Instructions to follow — Beginning with the line below that contains "Bridegroom and best" and ending with the line that contains "Cozy dining room", retype every line exactly. Pictures are not copied.

Excerpted data —
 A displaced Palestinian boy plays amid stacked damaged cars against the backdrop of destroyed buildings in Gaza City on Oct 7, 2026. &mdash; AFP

---

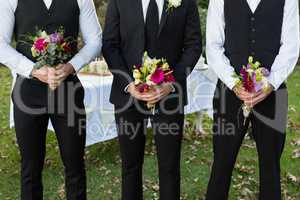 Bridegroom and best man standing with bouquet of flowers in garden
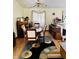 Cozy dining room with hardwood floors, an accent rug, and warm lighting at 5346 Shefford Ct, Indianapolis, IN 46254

...

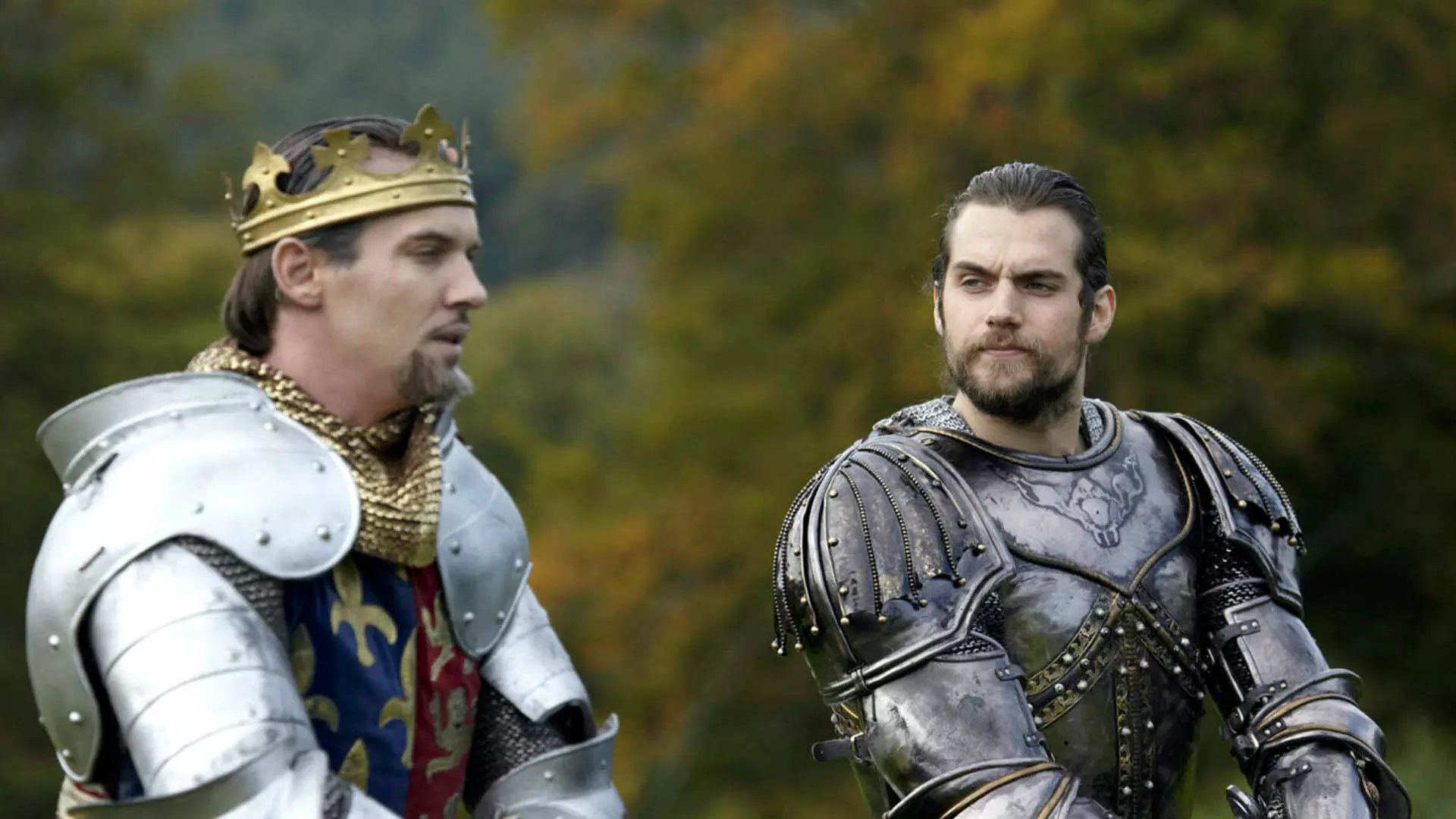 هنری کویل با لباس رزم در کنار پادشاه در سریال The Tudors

Worked solution —
 Bridegroom and best man standing with bouquet of flowers in garden
 Cozy dining room with hardwood floors, an accent rug, and warm lighting at 5346 Shefford Ct, Indianapolis, IN 46254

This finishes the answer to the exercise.